* **MATERIAL PROVIDED**
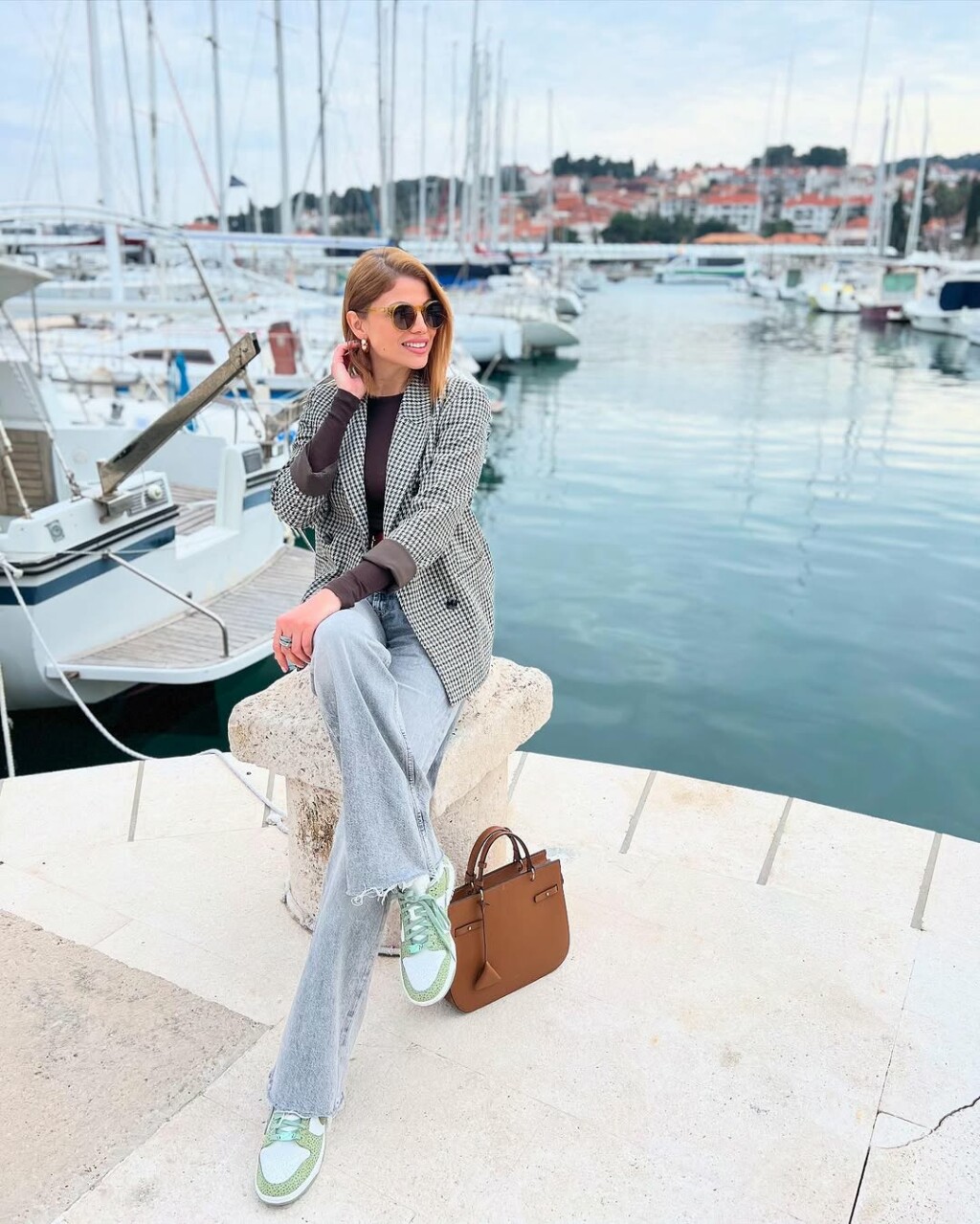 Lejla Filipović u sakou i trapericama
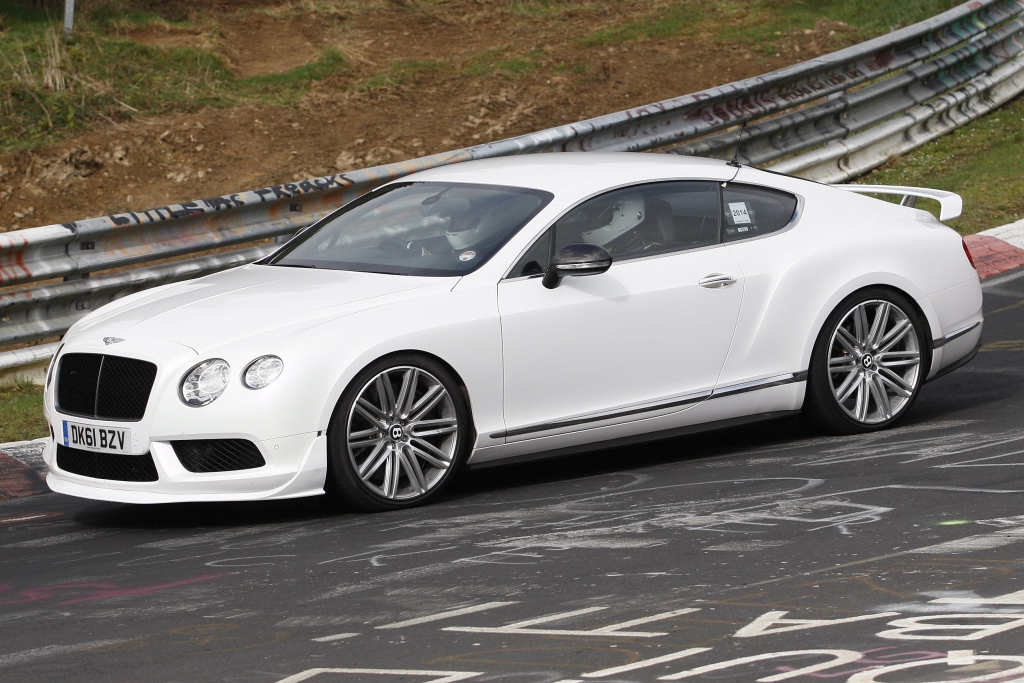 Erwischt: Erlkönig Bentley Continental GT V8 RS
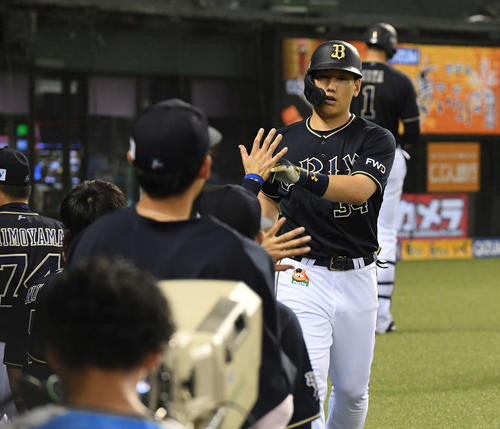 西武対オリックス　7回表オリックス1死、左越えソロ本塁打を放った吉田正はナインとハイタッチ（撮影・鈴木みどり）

* **WHAT IS BEING ASKED**
The listing above should be repeated word for word, with every image left out.

* **ANSWER SPACE**
 Lejla Filipović u sakou i trapericama
 Erwischt: Erlkönig Bentley Continental GT V8 RS
 西武対オリックス　7回表オリックス1死、左越えソロ本塁打を放った吉田正はナインとハイタッチ（撮影・鈴木みどり）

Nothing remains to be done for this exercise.